One good thing about living in Lebanon is that it is hardly ever boring. Even if the country is not plagued by war, internal strife or election fever, the Lebanese have no difficulty in finding an issue to disagree about and, thanks to a natural-born love for high drama, happily blow it out of proportion. Indeed, living in Lebanon often resembles the very best and worst of a Mexican soap opera series.
The most recent such affair featured French comedian Gad Elmaleh. Known as France’s funniest man, this comedian of Jewish-Moroccan descent had agreed to perform his hit one-man show “Papa Est en Haut” on three consecutive nights at the Beiteddine Festival. Tickets sold fast and all seemed set for a night of French fun in the Chouf, were it not for Al Manar.

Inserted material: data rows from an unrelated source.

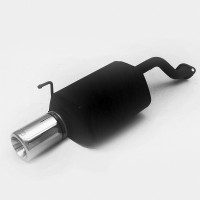 Ulter Sportauspuff passend für Honda CRX Del Sol 1992-1998 1 Endrohr rund Ø100 Ulter Sportauspuff passend für Honda CRX Del Sol 1992-1998 1 Endrohr rund Ø100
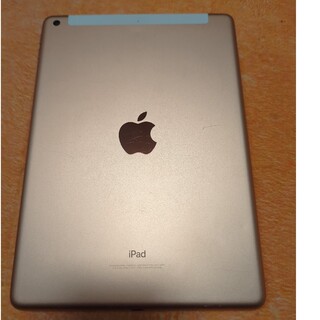 アイパッド(iPad)のごま様専用　iPad 第6世代 32GB WiFi+cellular au(タブレット)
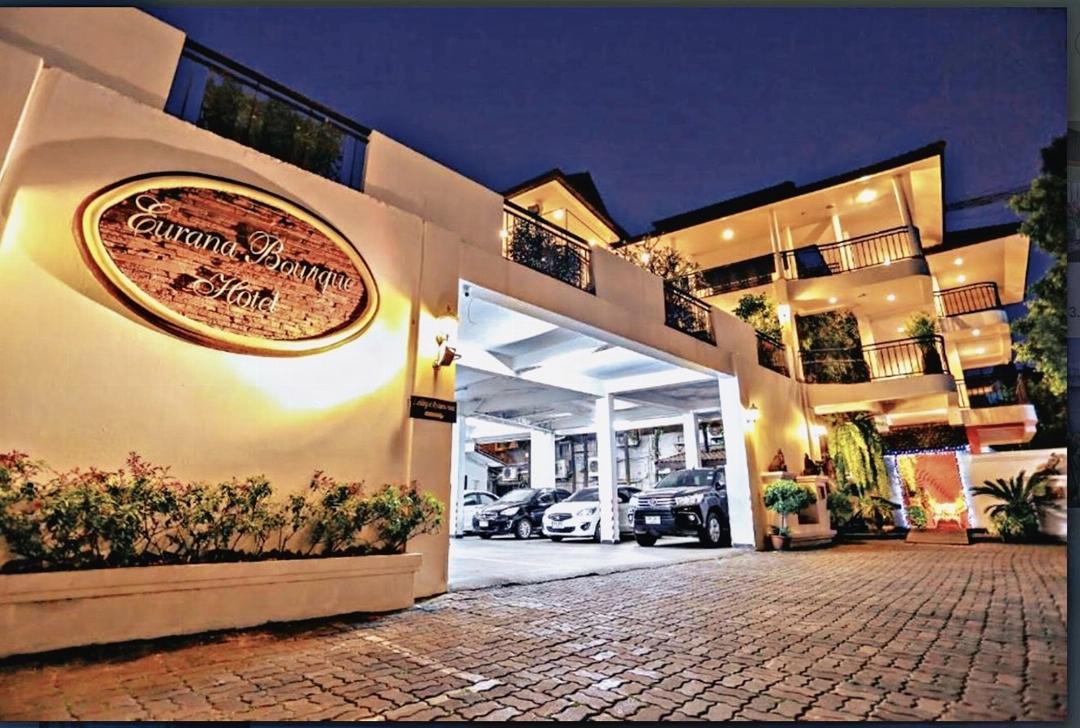 Eurana Boutique Hotel in CHIANG MAI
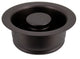 Insinkerator Style Disposal Flange And Stopper In Oil Rubbed Bronze, Oil Rubbed Bronze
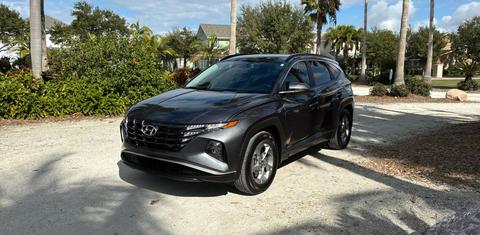 Hyundai Tucson 2023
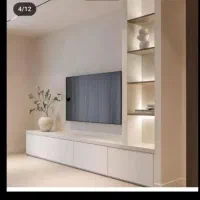 نجاری ،طراحی و ساخت ،کابینت ،کمددیواری، اشکاف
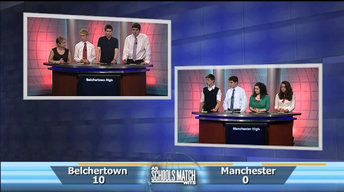 Semifinal #1: Belchertown vs. Manchester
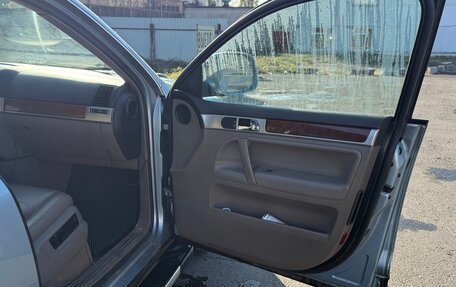 Volkswagen Touareg III, 2008 год, 900 000 рублей, 15 фотография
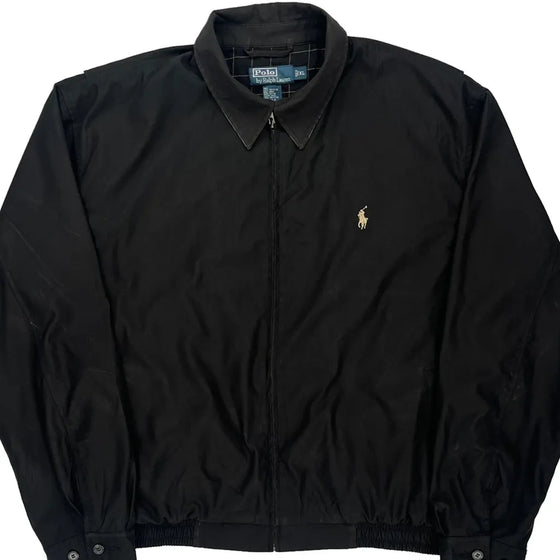 Ralph Lauren Harrington Jacket - XL Black Polyester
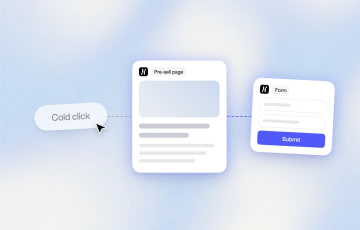 How to make a cold traffic campaign work with presell pages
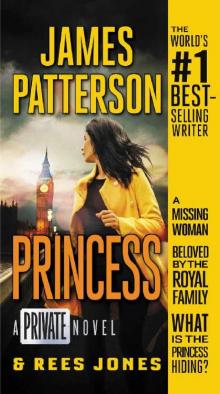 Princess: A Private Novel Read online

On June 25, the media outlet affiliated with Hezbollah published a photo allegedly showing Elmaleh wearing an Israeli helmet and military outfit. The accompanying text, written by a Hussein Assi, claimed Elmaleh in the 1990s had served four years in the Israeli army fighting in Gaza and Lebanon.
Assi wrote that Elmaleh was a fervent Zionist, as “he had spoken favorably about the Jewish state on several occasions.”
“He will arrive to Lebanon on July 12, on the third anniversary [of] the Israeli war against the country,” Assi wrote. He wondered how such a man could be billed at the Beiteddine Festival.
Now, if the above were true, this would be a legitimate question.But the accusations were immediately denied by Elmaleh’s manager and the festival organizers who claimed the photo had been “doctored.” Assi admitted in his text that he had simply done a Google search on Elmaleh’s name. The photo stems from an open-source website in France, and thus could have been posted and manipulated by anyone. Still, the photo and article caused such a stir that Elmaleh cancelled the sold-out shows, citing concern for his personal safety.
Contrary to what Assi claims, Elmaleh has Moroccan, French and Canadian passports, yet not an Israeli one. In any case, if one looks at Elmaleh’s biography, one wonders how he could have fought in the Middle East in the 1990s, as he was performing in a series of French plays and films. Fighting in the Gaza back streets during the week, hitting the Paris limelight over the weekend?
To illustrate Elmaleh’s alleged Zionist outlook on life, most people, including Assi, refer to a French interview Elmaleh gave following several shows in Jerusalem some two years ago. Asked what he thought of Israel, he replied that life there was about more than the images one sees on TV, and he had advised several friends to go and visit.
He said he especially liked Israel’s most secular city, Tel Aviv, where he has many friends, mainly fellow actors and comedians. He went on to praise the Israeli sense of humor which, according to him, goes 10 times further than what is regarded as acceptable in politically correct Europe.
“Israeli society, if only through the creatively acerbic outlook of its performers, is very healthy, balanced and lively,” Almaleh said in an interview with the French-Israeli magazine guide SVP-Israël. He also told his interviewer he was attached to his roots in Morocco, just as he was to Israel.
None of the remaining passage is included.